Kool And The Gang - The Best Of (1969-76) (Mercury); Desmond Dekker - The Best Of (Music Club); Shabba Ranks - King Jammy's Presents Shabba Ranks; (King Jammy's/Melodie); The Style Council - Here's Some That Got Away (Polydor) SUMMER is definitely the silly season when it comes to album releases. It seems that the sugar brigade appears in force. Oleta Adams, Mica Paris and James Ingram all have albums out this month but they are poor by their standards and sickly by anyone else's. Time then to dig through the re-releases which for many a record label fill the summer haze with the scent of pure profit.

The Jazziacs may not ring many bells but in the late 60s this band of scrawny teenagers took their brand of street jazz to a totally new dimension.

They hired a full-time vocalist and became one of the first jazz funk fusion bands, Kool and The Gang.

By 1976 they were just about played out, producing tinny disco numbers. Today they are sampled and emulated by everyone and his brother, hence the interest in the back catalogue.

In Kool and The Gang: The Best Of (1969-76), you'll find some rarities like Pneumonia and Let the Music Take Your Mind.

If you want a taste of some Jamaican dance hall music from two different generations try The Best of Desmond Dekker and King Jammy's Presents Shabba Ranks.

The former bears the summer of 67 hit 007 which pioneered the launch of the so-called rocksteadybeat outside Jamaica.

Dekker and his backing band, the Aces, were the first to popularise reggae abroad, preceding Bob Marley by a few years.

Dekker in his early years was very much a player in the gangland, rude-boy scene and his music bears many of its values and glorifies its lifestyle.

You'll find the first reggae No 1 The Israelites and all six UK chart hits including Rudle Got Soul and You Can Get It If You Really Want.

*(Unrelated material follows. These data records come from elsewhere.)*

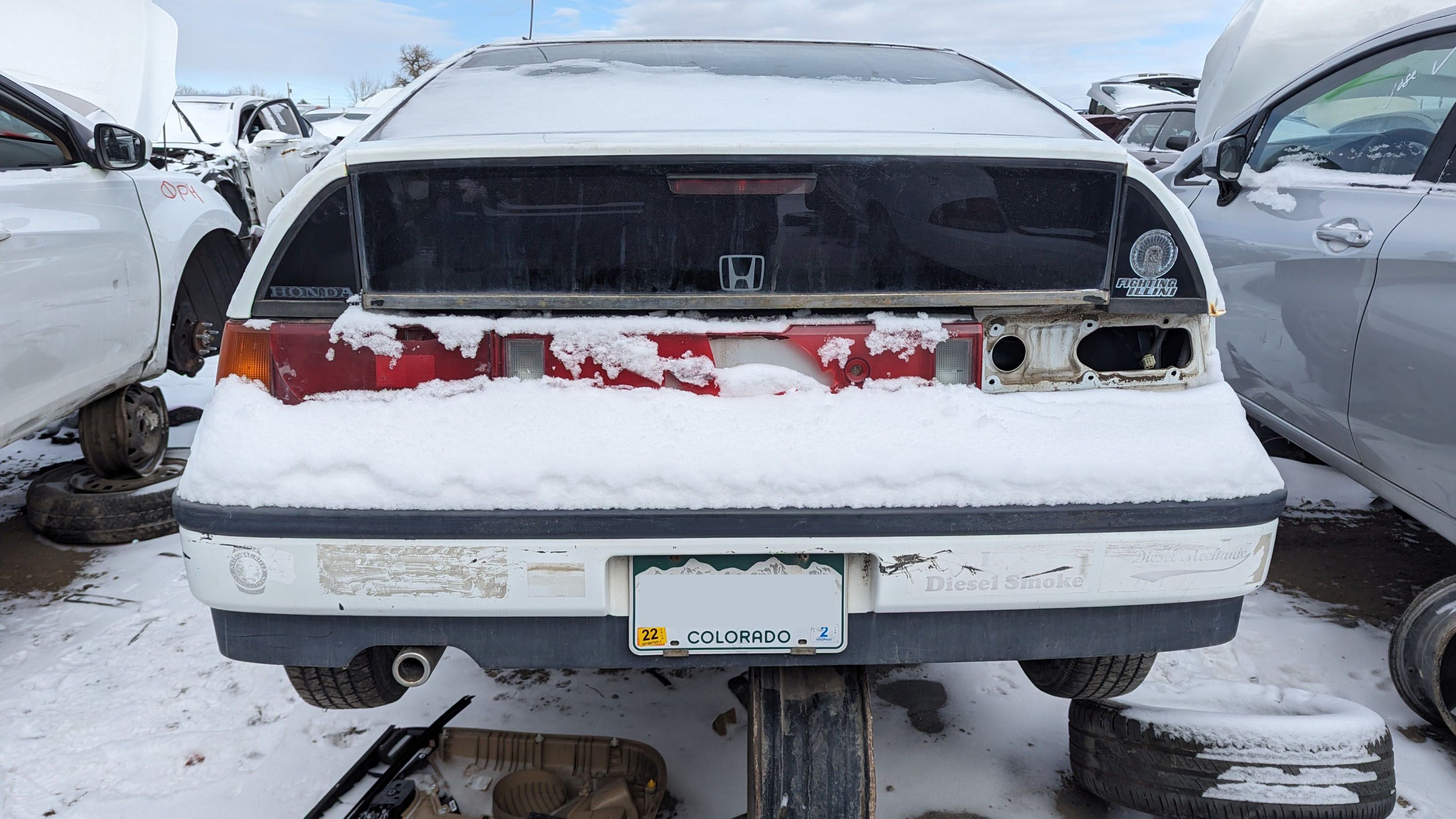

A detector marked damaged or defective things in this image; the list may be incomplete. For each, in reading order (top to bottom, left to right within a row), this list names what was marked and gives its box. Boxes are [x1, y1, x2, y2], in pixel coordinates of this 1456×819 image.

missing tail light [216, 322, 274, 392] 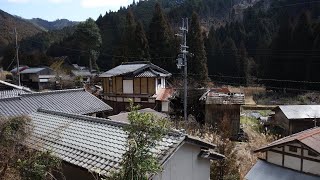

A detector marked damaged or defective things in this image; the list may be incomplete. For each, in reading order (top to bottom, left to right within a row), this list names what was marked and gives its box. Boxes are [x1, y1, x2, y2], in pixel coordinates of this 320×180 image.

rusted metal roof [255, 126, 320, 153] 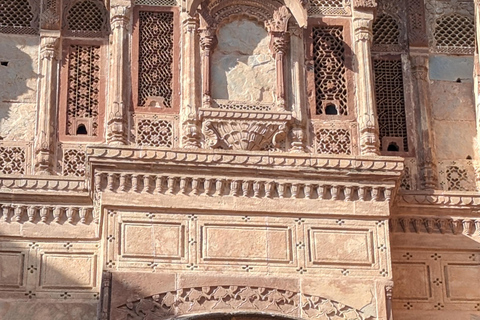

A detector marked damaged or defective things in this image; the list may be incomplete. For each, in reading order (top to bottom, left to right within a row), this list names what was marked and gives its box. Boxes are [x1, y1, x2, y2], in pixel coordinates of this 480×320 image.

peeling plaster wall [0, 33, 38, 141]
peeling plaster wall [212, 18, 276, 103] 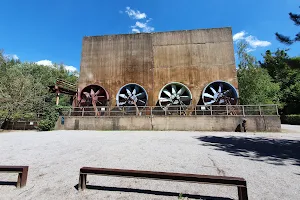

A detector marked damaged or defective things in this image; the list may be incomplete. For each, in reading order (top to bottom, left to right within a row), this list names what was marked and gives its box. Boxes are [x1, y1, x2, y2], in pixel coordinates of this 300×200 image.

rusty metal frame [0, 166, 28, 188]
rusty metal frame [78, 167, 247, 200] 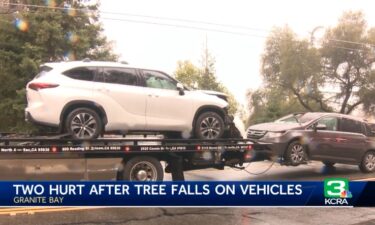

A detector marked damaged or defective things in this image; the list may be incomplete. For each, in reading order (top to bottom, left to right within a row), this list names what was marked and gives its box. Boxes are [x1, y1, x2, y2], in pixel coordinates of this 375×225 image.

damaged brown suv [247, 112, 375, 172] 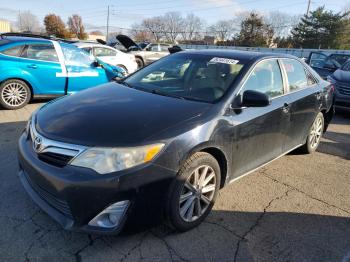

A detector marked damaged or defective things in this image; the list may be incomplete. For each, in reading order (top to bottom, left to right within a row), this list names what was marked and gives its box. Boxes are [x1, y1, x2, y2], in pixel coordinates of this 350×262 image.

pavement crack seal line [149, 230, 190, 262]
cracked asphalt [0, 103, 350, 262]
pavement crack seal line [234, 188, 294, 262]
pavement crack seal line [262, 171, 350, 216] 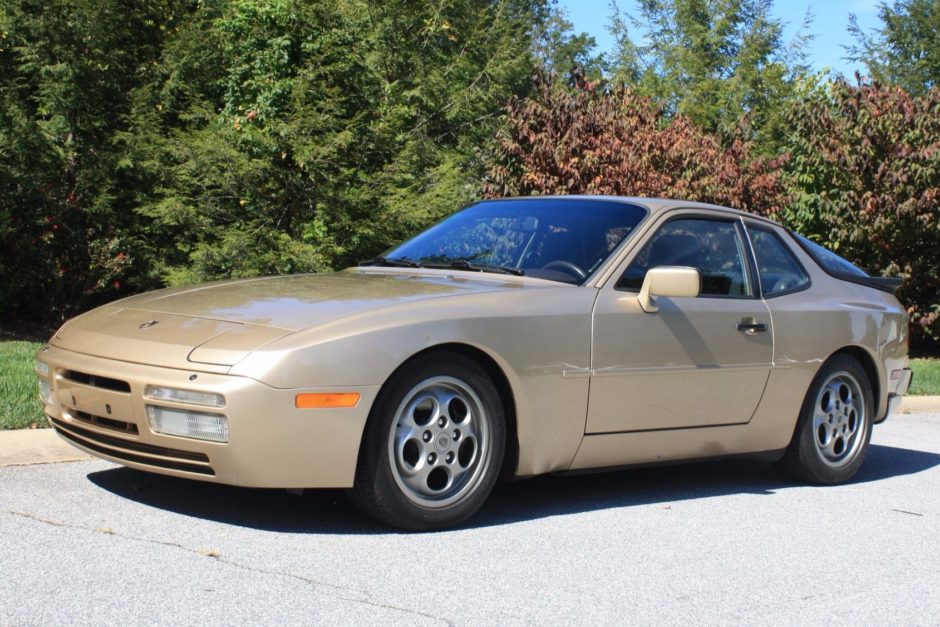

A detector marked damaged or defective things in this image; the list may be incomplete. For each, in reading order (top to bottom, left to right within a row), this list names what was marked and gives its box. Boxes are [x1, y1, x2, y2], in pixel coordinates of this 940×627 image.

Meanwhile Shabba Ranks, the only Jamaican megastar since Bob Marley, has released some early material from his King Jammy label days. The album has a raw live feel and catches the man at one with his musical environment.

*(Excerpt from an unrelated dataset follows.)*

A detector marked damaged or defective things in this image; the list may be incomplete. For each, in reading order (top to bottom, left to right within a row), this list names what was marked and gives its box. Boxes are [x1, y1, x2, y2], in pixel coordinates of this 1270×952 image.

Shabba can't say a thing right at the moment. The macho, homophobic garbage that spills out of his mouth in interviews has become a noose round his neck and it may tarnish his newly-acquired gold necklaces, which ironically such sour sentiments, set to music, earned him in the first place.

But for the moment Shabba sells. This album is no exception, being snapped up as a rarity due to the inclusion of the previously-unreleased Halli Fi Buddy.

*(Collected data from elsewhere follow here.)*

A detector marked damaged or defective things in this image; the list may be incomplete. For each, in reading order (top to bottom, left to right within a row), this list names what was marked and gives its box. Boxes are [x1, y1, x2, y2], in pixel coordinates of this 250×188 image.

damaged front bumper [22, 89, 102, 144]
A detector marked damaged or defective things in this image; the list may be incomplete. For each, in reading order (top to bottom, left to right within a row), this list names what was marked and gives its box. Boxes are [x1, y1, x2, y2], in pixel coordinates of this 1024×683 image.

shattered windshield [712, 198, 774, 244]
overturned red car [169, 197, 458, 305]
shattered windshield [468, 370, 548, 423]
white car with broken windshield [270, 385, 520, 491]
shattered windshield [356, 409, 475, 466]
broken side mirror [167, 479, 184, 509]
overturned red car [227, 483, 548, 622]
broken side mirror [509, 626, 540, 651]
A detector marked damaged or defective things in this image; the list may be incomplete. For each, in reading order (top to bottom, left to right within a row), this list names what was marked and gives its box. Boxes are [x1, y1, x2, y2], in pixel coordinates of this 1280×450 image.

Until Paul Weller's much-awaited album appears on the shelves of our local record stores we will have to make do with a bunch of B sides from The Style Council's Here's Some That Got Away , all good dark glasses, elbow-out-of-the-window, one-hand-on-the-wheel, head-bobbing stuff. Grooving out is a tricky with your Walkman in the back of a taxi being driven by a geriatric who thinks second gear is for youngsters, but believe me the music will transcend even this minor hindrance.

Here we find the musings of the man himself and his sidekick Mike Talbot taking a lighter, groovier and less intense note than demonstrated on some of the A sides. Mick's Up and Mick's Company are real stompers with the boys letting loose over a fluid keyboard-guitar mix that they perfected so well. Twenty-two tracks in full-on party mood and even a cover of Who Will Buy from the musical Oliver given suitable Wellerian irony in its treatment. If you're a fan it'll release you from sifting through all that nasty vinyl, if you're not, you are about to become the definition of cool in the back of many a high-pitched taxi this summer.